## TASK TO COMPLETE
If an entry contains a picture, leave the picture out and reproduce everything else in the records below exactly.

## DATA TO PROCESS
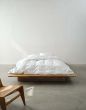 Marc O'Polo Iben Grey mist Duvet cover 240 x 220 cm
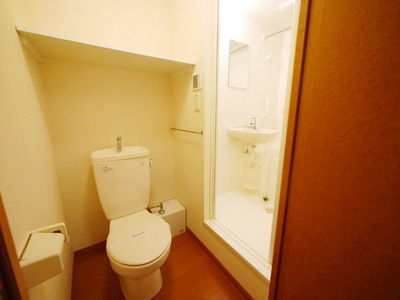 Toilet. Toilet with cleanliness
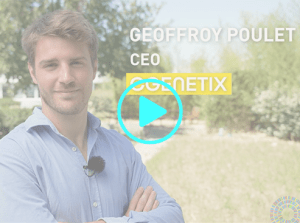 Geoffroy Poulet, PDG de CGenetix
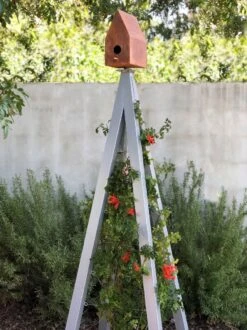 Bird Bungalow + Akoris Garden Tuteur Jr. -Nature's Yard Sales Store 8600541 07v 1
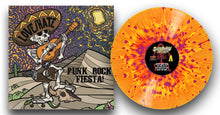 Load image into Gallery viewer, Punk Rock Fiesta! LP (Splatter Vinyl) *PRE-ORDER* Ships Late April 2025
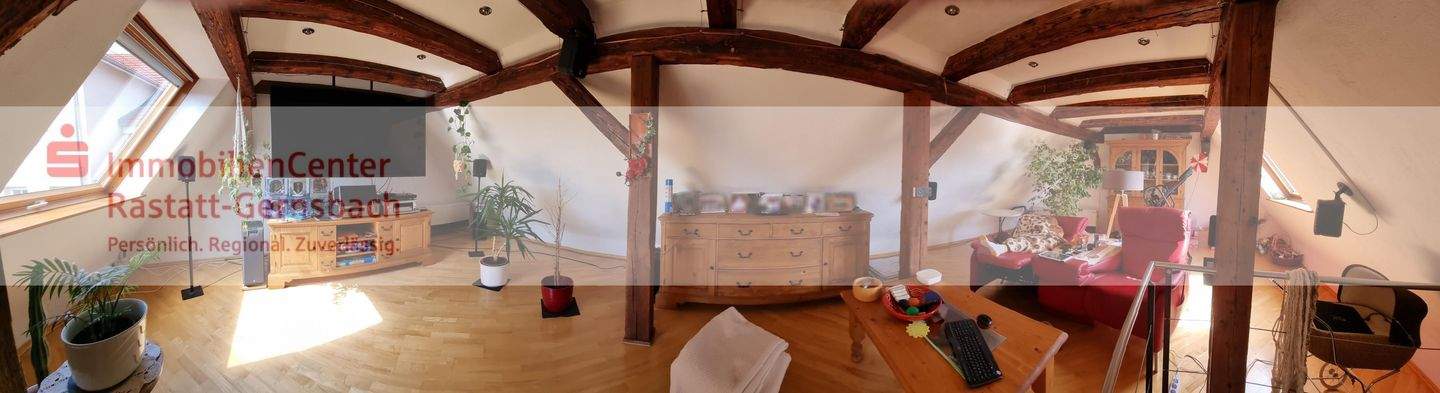 Panoramabild Dachstudio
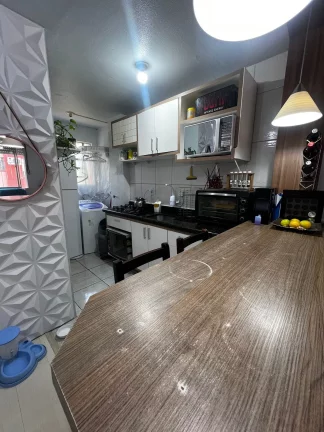 Imagem Apartamento com 2 quartos e móveis planejados em Novo Hamburgo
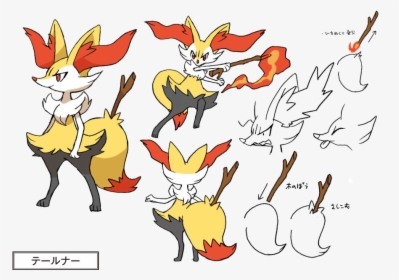 Official Pokemon Concept Art, HD Png Download, Free Download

## PROBLEM SOLUTION
 Marc O'Polo Iben Grey mist Duvet cover 240 x 220 cm
 Toilet. Toilet with cleanliness
 Geoffroy Poulet, PDG de CGenetix
 Bird Bungalow + Akoris Garden Tuteur Jr. -Nature's Yard Sales Store 8600541 07v 1
 Load image into Gallery viewer, Punk Rock Fiesta! LP (Splatter Vinyl) *PRE-ORDER* Ships Late April 2025
 Panoramabild Dachstudio
 Imagem Apartamento com 2 quartos e móveis planejados em Novo Hamburgo
 Official Pokemon Concept Art, HD Png Download, Free Download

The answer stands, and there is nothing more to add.